I wet my lips with my tongue, a quick nervous flick. “It’s my truck, I’ll drive. You’ll stop making nasty comments to my friend. We’ll all get along until we get out of town, and when we do that you can go back to your Order and Graves and I will be on our way.” The wind shifted again outside, its moan veering toward a crescendo. The yellow-green light made everything look bruised, and a queer ringing under the sound of the wind threatened to fill my ears.
I tasted wax oranges, and my vision wavered for a bare half-second.
Not now, dammit. This is important. I pushed it aside and kept my gaze locked with Christophe’s, daring him.
Once, in this little podunk outside St. Petersburg, we’d run across a huge beast of a dog guarding a place we really needed to get into. Dad didn’t have the touch, but he showed me something else that day. He called it “starin’ down, before the throwin’ down, honey.” It meant just looking at the thing in your way as if it was no bigger than a pea, making up your mind that it wasn’t going to scare you or move you.

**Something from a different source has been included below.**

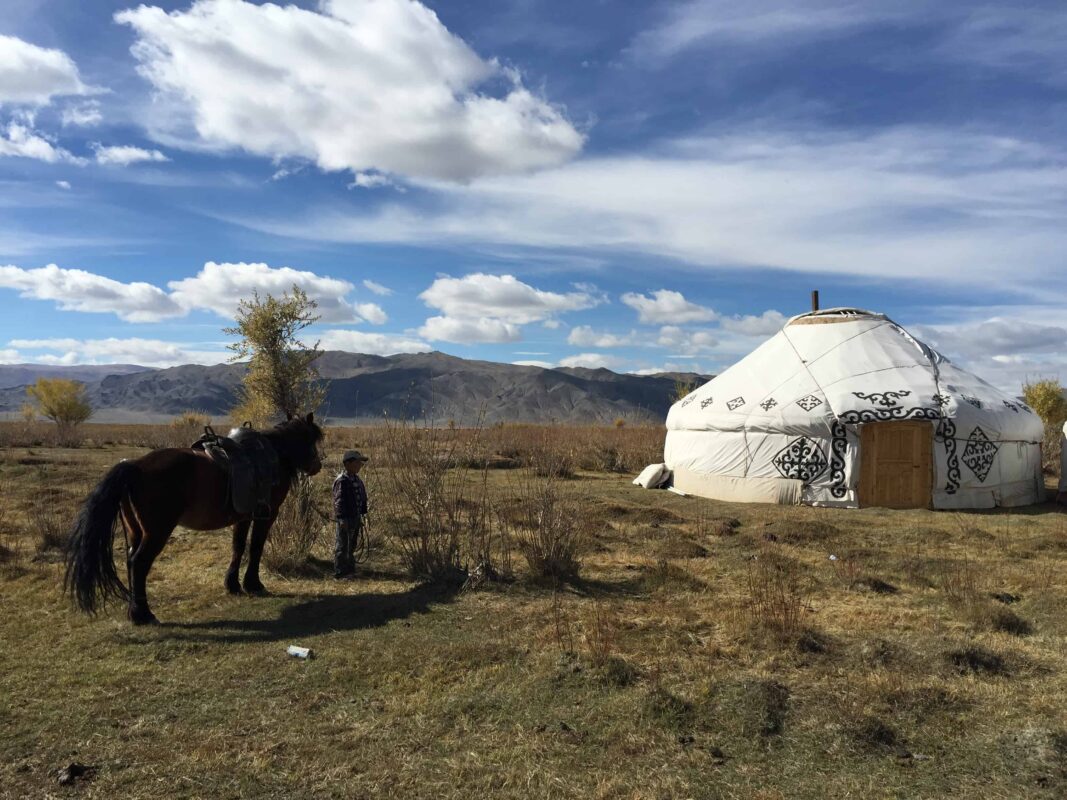 Mongolian Nomadic Life : A Glimpse Into Rural Life, nomadic lifestyle in Mongolia, Nomadic life in Mongolia, Mongolia's Nomads, The home and life of Mongolian nomadic herders, Life with nomads in remote Mongolia, Living with a rural family in Mongolia - Nomads in Mongolia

Dogs can smell fear, and sometimes people—or things from the Real World—are the same way. But ninety-nine times out of a hundred, a dog can also smell when you’re the alpha. It takes the same kind of flat look and decision to be fearless as facing down a bunch of jocks bent on harassing someone.
Shoulders square. Heart thumping, but not too hard. Eyes glazed with dust and buzzing with what I hoped was power. I gave him the look I’d practiced in the mirror so many times, and pretended I was Dad, grinning easily in a bar frequented by the Real World, hands loose and easy, one of them resting on a gun butt and the other just touching a shot glass, while I sipped at a Coke and pretended not to notice.